LTC Bullet:  LTC Blues in the Empire State 

Thursday, October 5, 2006 

Seattle-- 

LTC Comment:  New York State is a model of what not to do about long-term care financing.  We can learn as much from negative role models as positive ones.  Read and hear Steve Moses's remarks on LTC in NY after the ***news.*** 

*** PODCASTS.  We've added a new feature to the Center's Members-Only website, AKA "The Zone."  Nowadays, most folks have "MP3" players.  Great for music, but these little electronic gems are also a godsend for using down time to keep up with great ideas of all varieties:  sales, inspiration, news, and analysis to name a few.  Our first podcast is an interview by Steve Moses with Aegis Living's CEO Dwayne Clark at the National Investment Center's (www.nic.org) conference in Chicago last week.  Clark's senior living company was ranked the fastest growing small company in the country by Inc. magazine three years ago.  You'll know why when you listen to this interview.  Check it out at http://www.centerltc.com/members/podcasts/index.htm .  We'll add new podcasts periodically and let you know when we do in this space.  *** 

*** ZONED OUT?  No worries, Zone In easily.  Just contact Damon at damon@centerltc.com or 206-283-7036 and join the Center.  Annual individual memberships are $150.  Corporate and organizational memberships covering everyone on your team are negotiable.  As soon as you say "the check's in the mail," Damon will assign your user name and password and you'll be in The Zone with access to its many features including the new podcast.  You'll also receive our LTC Bullets online newsletter and/or our daily LTC E-Alerts:  as much or as little as you choose to receive.  What's more, you'll be part of our fight for rational long-term care public policy.  Join the team.  Join the Center today. *** 

***  METLIFE MARKET SURVEY OF NURSING HOME & HOME CARE COSTS.  No doubt you've already seen this news elsewhere.  Just a heads up therefore that we keep a link to these annual surveys in The Zone so you can find each year's report quickly and easily after time passes and they're no longer in the news.  Center members check it out at http://www.centerltc.com/members/ltccostsurveys.htm.  Non-members:  JOIN! 

The average daily cost of a private room in a nursing home rose from $203 to $206 per day last year.
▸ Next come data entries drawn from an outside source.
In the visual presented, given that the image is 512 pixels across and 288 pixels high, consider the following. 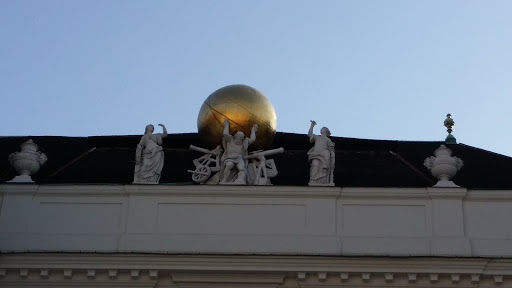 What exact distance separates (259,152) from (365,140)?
304cm

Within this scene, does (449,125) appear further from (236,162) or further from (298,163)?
(236,162)

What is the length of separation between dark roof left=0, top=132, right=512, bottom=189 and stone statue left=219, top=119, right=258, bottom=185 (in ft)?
3.26

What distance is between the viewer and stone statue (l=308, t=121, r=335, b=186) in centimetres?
1747

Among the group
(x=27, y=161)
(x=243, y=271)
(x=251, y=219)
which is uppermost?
(x=27, y=161)

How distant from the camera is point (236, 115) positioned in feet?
60.4

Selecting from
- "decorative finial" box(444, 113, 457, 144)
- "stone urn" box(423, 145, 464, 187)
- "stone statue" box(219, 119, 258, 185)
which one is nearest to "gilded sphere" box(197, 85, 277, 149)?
"stone statue" box(219, 119, 258, 185)

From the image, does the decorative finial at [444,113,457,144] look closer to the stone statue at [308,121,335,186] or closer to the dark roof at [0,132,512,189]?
the dark roof at [0,132,512,189]

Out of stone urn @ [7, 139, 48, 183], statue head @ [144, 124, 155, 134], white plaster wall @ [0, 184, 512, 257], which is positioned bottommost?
white plaster wall @ [0, 184, 512, 257]

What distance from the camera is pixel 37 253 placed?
53.9 ft

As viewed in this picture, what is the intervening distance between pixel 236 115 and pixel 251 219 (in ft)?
6.86

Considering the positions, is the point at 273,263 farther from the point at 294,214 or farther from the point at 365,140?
the point at 365,140

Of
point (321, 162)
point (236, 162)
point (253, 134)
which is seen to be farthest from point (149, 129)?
point (321, 162)

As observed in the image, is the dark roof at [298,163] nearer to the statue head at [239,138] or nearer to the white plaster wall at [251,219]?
the statue head at [239,138]

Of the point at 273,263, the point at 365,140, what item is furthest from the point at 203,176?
the point at 365,140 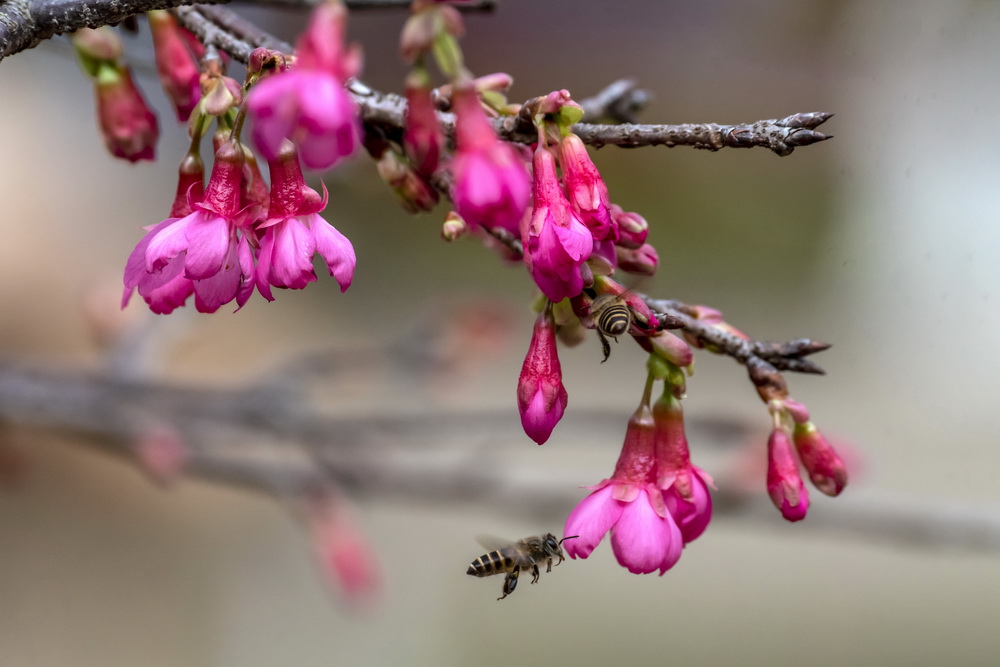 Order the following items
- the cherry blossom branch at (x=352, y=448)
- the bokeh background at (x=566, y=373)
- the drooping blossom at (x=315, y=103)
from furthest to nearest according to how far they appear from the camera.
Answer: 1. the bokeh background at (x=566, y=373)
2. the cherry blossom branch at (x=352, y=448)
3. the drooping blossom at (x=315, y=103)

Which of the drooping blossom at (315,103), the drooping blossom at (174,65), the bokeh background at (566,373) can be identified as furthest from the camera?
the bokeh background at (566,373)

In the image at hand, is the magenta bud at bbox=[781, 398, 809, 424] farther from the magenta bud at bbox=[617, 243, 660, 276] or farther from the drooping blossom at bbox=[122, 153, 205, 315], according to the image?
the drooping blossom at bbox=[122, 153, 205, 315]

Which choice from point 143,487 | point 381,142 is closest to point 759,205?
point 143,487

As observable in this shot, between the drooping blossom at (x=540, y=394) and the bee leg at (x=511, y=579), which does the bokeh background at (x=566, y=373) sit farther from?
the drooping blossom at (x=540, y=394)

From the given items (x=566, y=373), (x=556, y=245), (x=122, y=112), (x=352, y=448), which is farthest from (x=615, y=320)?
(x=566, y=373)

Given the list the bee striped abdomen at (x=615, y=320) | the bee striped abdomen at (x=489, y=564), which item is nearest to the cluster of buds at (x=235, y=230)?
the bee striped abdomen at (x=615, y=320) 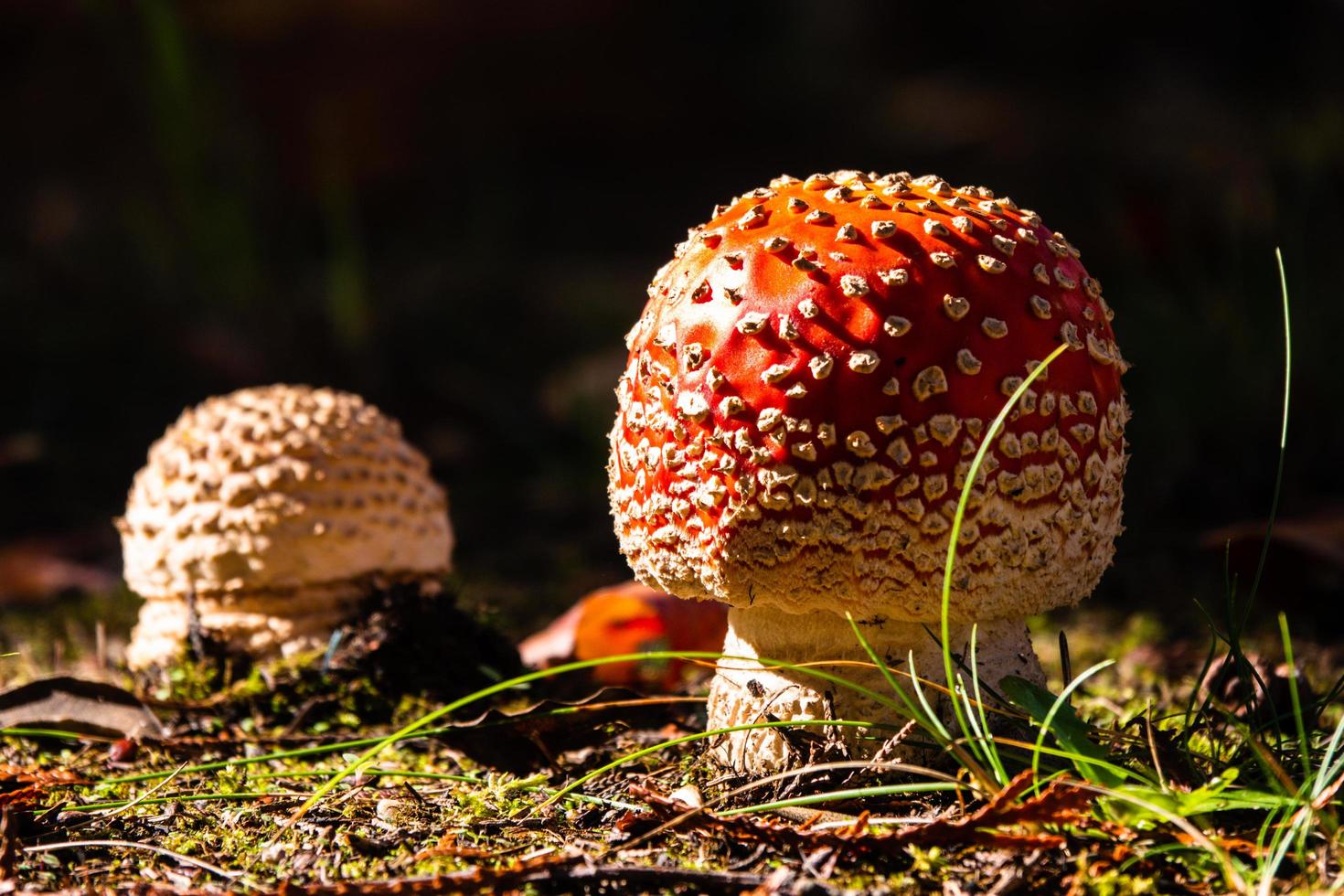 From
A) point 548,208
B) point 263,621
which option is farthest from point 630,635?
point 548,208

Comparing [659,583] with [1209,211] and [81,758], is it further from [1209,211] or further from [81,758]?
[1209,211]

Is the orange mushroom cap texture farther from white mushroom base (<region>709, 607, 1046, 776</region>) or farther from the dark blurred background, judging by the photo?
the dark blurred background

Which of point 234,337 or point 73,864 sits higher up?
point 234,337

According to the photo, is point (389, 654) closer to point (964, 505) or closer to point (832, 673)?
point (832, 673)

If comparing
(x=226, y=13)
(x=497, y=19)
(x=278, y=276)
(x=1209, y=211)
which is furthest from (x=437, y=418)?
(x=497, y=19)

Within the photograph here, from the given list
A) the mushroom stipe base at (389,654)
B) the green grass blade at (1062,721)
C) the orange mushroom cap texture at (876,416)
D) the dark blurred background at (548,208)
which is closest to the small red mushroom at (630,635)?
the mushroom stipe base at (389,654)

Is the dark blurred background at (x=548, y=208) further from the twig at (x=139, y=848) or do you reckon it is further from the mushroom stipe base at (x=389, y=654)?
the twig at (x=139, y=848)

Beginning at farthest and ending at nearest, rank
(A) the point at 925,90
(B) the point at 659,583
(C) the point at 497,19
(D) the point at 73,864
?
(A) the point at 925,90 < (C) the point at 497,19 < (B) the point at 659,583 < (D) the point at 73,864

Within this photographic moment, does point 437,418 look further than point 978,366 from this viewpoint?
Yes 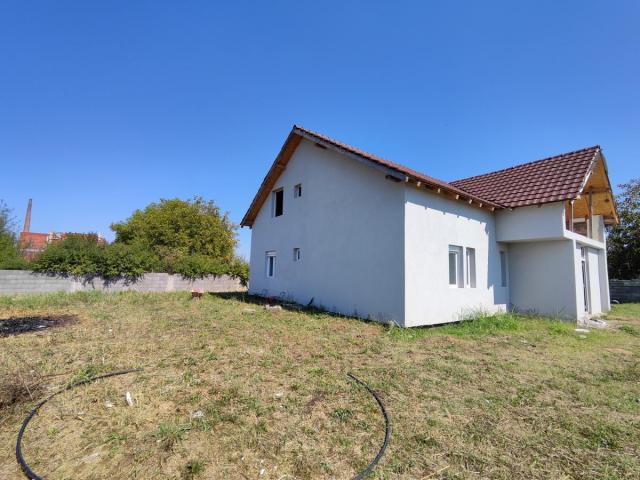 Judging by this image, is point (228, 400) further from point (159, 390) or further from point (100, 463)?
point (100, 463)

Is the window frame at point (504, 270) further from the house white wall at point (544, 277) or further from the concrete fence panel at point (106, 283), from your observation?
the concrete fence panel at point (106, 283)

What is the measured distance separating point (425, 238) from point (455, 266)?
197 cm

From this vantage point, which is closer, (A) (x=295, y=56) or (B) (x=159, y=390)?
(B) (x=159, y=390)

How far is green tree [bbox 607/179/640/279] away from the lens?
845 inches

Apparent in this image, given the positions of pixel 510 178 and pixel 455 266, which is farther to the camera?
pixel 510 178

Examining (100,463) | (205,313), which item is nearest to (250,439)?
(100,463)

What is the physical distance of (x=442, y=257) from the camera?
9008 mm

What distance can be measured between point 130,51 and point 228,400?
33.9ft

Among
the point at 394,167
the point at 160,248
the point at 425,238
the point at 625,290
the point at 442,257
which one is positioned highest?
the point at 394,167

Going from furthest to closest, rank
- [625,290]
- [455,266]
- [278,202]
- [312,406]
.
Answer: [625,290] → [278,202] → [455,266] → [312,406]

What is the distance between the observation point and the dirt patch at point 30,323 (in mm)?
6971

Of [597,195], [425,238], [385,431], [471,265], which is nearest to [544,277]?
[471,265]

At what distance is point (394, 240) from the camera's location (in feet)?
27.1

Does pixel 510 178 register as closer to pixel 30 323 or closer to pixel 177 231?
pixel 30 323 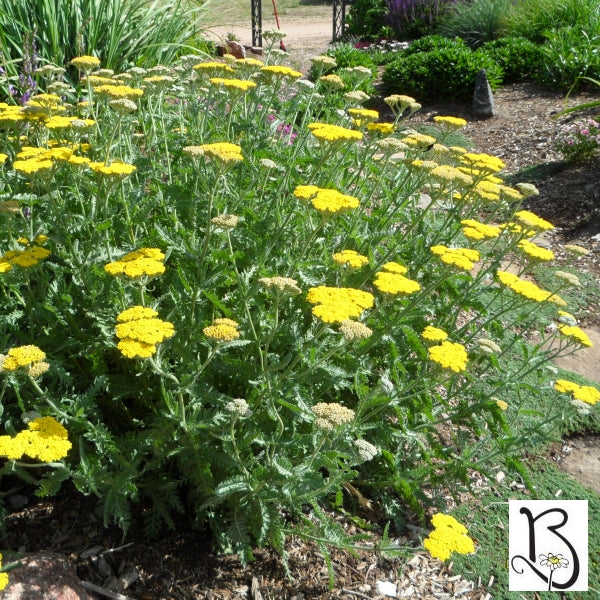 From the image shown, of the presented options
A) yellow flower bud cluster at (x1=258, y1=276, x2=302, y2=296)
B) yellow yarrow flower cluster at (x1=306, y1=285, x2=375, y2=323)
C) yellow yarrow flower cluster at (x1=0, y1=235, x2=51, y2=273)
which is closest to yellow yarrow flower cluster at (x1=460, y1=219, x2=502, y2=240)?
yellow yarrow flower cluster at (x1=306, y1=285, x2=375, y2=323)

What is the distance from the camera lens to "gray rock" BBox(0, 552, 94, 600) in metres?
1.87

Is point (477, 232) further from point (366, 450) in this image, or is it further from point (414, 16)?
point (414, 16)

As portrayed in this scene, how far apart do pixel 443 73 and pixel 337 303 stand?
28.3ft

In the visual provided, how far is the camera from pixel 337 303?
1923 millimetres

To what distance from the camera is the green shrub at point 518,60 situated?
983cm

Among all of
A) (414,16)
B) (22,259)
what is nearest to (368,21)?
(414,16)

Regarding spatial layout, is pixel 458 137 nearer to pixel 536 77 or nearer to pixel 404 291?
pixel 536 77

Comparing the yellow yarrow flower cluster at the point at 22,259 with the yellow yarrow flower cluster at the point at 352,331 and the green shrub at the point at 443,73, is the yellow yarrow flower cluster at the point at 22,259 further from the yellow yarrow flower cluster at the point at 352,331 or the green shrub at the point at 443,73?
the green shrub at the point at 443,73

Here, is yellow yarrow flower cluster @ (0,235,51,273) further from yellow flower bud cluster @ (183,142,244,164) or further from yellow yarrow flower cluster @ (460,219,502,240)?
yellow yarrow flower cluster @ (460,219,502,240)

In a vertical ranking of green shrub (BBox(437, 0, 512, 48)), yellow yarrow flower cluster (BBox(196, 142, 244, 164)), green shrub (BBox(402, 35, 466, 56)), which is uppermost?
green shrub (BBox(437, 0, 512, 48))

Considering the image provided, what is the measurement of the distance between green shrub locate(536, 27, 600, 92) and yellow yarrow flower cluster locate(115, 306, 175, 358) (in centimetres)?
860

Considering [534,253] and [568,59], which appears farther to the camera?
[568,59]

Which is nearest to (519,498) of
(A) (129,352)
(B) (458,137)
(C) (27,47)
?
(A) (129,352)

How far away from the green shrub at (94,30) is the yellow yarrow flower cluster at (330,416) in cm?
458
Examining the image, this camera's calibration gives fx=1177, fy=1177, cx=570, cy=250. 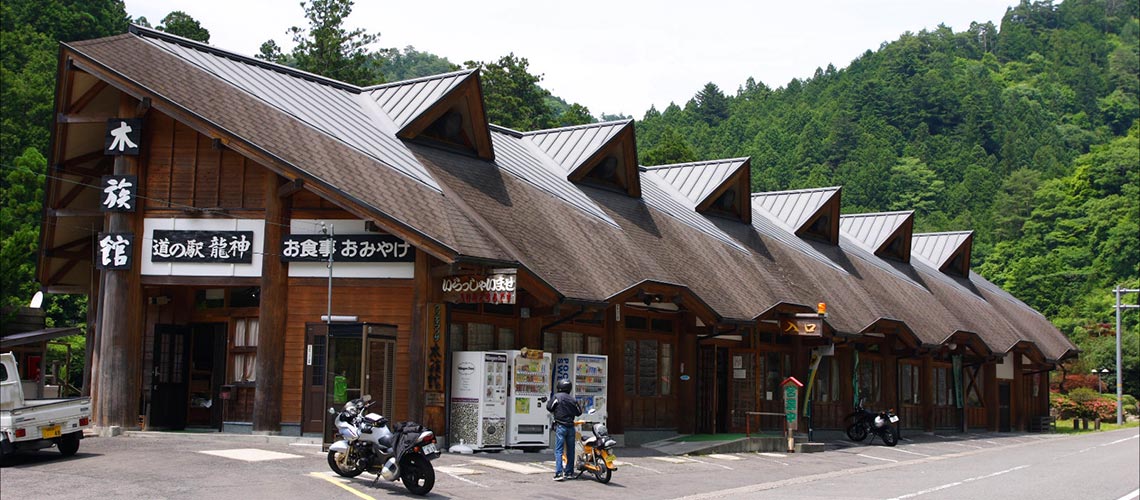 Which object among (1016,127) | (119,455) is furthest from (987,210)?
(119,455)

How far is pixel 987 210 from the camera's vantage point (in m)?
127

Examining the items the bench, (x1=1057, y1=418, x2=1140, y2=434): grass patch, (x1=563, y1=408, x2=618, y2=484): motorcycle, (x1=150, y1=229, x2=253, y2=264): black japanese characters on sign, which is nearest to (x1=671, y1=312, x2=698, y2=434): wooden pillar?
(x1=563, y1=408, x2=618, y2=484): motorcycle

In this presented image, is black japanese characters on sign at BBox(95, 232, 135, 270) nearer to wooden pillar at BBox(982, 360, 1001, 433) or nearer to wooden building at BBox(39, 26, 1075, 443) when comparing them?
wooden building at BBox(39, 26, 1075, 443)

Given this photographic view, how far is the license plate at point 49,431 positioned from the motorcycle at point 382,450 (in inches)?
181

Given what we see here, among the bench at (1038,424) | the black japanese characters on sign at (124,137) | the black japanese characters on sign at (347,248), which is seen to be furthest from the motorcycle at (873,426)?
the black japanese characters on sign at (124,137)

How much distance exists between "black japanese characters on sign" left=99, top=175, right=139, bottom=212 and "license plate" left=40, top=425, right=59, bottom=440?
251 inches

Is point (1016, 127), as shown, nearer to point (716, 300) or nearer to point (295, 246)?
point (716, 300)

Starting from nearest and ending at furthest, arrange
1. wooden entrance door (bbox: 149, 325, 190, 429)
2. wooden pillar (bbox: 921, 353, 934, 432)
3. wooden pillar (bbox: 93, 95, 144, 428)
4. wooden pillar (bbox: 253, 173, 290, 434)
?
wooden pillar (bbox: 253, 173, 290, 434), wooden pillar (bbox: 93, 95, 144, 428), wooden entrance door (bbox: 149, 325, 190, 429), wooden pillar (bbox: 921, 353, 934, 432)

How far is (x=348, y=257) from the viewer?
23.0m

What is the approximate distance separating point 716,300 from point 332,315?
1076 centimetres

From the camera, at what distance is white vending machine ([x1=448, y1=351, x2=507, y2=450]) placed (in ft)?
74.2

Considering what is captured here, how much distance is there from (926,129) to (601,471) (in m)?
130

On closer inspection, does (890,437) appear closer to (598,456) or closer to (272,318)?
(598,456)

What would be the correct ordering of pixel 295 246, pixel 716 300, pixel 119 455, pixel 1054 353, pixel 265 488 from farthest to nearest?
1. pixel 1054 353
2. pixel 716 300
3. pixel 295 246
4. pixel 119 455
5. pixel 265 488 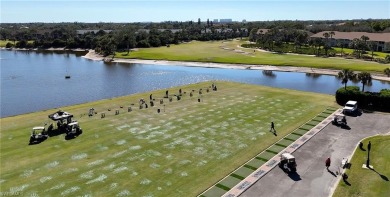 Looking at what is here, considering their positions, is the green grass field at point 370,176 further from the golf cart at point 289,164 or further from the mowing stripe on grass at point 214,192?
the mowing stripe on grass at point 214,192

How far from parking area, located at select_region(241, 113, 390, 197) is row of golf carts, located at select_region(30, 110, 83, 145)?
2501 centimetres

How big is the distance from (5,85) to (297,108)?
7935 centimetres

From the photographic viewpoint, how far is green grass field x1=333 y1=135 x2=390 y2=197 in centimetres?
2944

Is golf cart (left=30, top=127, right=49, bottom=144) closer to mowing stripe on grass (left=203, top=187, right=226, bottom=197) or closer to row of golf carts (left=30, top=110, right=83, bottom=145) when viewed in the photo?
row of golf carts (left=30, top=110, right=83, bottom=145)

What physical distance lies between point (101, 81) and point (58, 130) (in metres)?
52.6

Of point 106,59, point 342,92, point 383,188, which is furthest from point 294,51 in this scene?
point 383,188

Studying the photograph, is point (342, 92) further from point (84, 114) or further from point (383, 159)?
point (84, 114)

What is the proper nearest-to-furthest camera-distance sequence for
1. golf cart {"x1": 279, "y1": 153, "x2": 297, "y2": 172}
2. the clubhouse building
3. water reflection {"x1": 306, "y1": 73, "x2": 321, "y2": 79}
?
golf cart {"x1": 279, "y1": 153, "x2": 297, "y2": 172} → water reflection {"x1": 306, "y1": 73, "x2": 321, "y2": 79} → the clubhouse building

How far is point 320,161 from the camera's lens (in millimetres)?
35906

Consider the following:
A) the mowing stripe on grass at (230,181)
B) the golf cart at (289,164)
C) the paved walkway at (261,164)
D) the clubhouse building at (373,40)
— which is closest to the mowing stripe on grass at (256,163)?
the paved walkway at (261,164)

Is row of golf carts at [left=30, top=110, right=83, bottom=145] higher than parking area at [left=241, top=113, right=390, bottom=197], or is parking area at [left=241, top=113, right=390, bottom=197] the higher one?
row of golf carts at [left=30, top=110, right=83, bottom=145]

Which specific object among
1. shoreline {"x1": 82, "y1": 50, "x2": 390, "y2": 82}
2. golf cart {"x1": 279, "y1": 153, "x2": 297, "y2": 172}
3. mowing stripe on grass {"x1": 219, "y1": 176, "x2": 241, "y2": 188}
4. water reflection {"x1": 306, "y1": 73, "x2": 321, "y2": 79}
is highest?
shoreline {"x1": 82, "y1": 50, "x2": 390, "y2": 82}

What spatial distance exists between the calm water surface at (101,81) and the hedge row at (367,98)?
1906 cm

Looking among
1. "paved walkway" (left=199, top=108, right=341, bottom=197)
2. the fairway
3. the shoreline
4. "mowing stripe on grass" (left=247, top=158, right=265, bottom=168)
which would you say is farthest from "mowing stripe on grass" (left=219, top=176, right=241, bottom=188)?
the shoreline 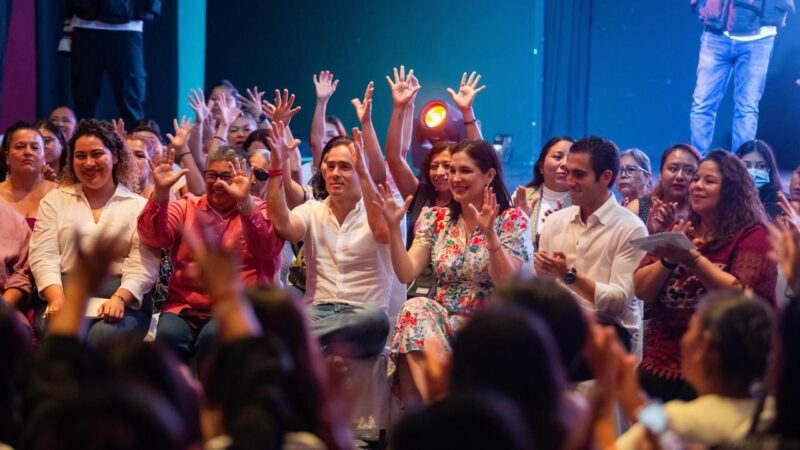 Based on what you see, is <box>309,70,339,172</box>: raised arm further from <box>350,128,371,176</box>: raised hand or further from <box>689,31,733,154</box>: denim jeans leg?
<box>689,31,733,154</box>: denim jeans leg

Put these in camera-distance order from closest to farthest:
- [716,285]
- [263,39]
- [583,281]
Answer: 1. [716,285]
2. [583,281]
3. [263,39]

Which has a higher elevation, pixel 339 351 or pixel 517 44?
pixel 517 44

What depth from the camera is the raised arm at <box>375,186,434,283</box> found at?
12.5ft

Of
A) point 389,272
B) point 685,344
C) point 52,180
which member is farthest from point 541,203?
point 685,344

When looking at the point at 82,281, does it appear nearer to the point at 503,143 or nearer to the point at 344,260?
the point at 344,260

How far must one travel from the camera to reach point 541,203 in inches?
196

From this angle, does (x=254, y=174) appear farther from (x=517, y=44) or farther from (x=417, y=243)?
(x=517, y=44)

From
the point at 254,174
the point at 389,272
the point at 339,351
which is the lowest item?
the point at 339,351

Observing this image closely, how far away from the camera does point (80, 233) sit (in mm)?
4137

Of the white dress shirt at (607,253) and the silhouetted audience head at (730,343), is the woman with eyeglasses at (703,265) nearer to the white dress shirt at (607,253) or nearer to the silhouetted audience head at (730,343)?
the white dress shirt at (607,253)

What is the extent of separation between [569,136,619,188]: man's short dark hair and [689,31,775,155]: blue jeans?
12.8 feet

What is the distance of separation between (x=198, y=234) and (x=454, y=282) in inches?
38.5

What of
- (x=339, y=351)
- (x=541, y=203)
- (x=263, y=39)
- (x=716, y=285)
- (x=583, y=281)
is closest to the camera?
(x=716, y=285)

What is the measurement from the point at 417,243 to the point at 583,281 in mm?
688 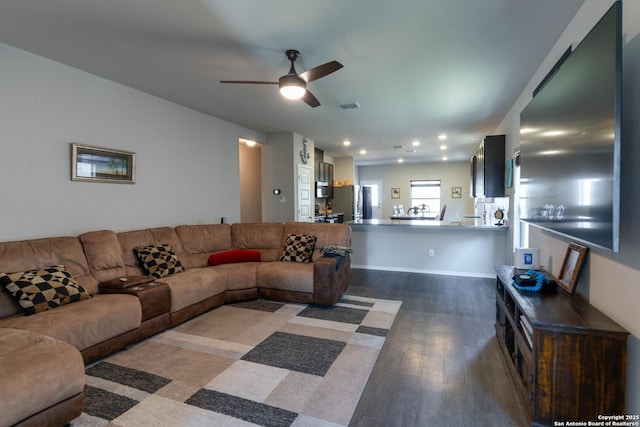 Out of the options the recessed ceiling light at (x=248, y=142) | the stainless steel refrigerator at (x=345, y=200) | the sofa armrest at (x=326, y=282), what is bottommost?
the sofa armrest at (x=326, y=282)

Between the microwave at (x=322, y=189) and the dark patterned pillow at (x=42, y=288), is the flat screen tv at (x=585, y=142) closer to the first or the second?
the dark patterned pillow at (x=42, y=288)

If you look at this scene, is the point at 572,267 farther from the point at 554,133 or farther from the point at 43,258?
the point at 43,258

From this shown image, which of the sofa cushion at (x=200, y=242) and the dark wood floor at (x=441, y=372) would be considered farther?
the sofa cushion at (x=200, y=242)

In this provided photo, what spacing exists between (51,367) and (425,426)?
2.13 m

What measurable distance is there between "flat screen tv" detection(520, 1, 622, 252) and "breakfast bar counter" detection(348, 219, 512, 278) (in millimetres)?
2944

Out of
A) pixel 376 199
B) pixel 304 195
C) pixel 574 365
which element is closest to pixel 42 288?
pixel 574 365

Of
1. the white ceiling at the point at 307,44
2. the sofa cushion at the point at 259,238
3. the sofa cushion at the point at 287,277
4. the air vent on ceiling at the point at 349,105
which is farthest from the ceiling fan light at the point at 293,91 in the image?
the sofa cushion at the point at 259,238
The average annual cost increased by 1.5 percent to $75,190.  Average semi-private room rates rose 3.9 percent from $176 to $183 per day. Find the MetLife Market Survey of Nursing Home & Home Care Costs at: http://www.metlife.com/WPSAssets/18756958281159455975V1F2006NHHCMarketSurvey.pdf *** 

 

LTC BULLET:  LTC BLUES IN THE EMPIRE STATE 

The Manhattan Institute's Empire Center for New York State Policy conducted a forum on Medicaid reform September 26, 2006 in Albany, NY.  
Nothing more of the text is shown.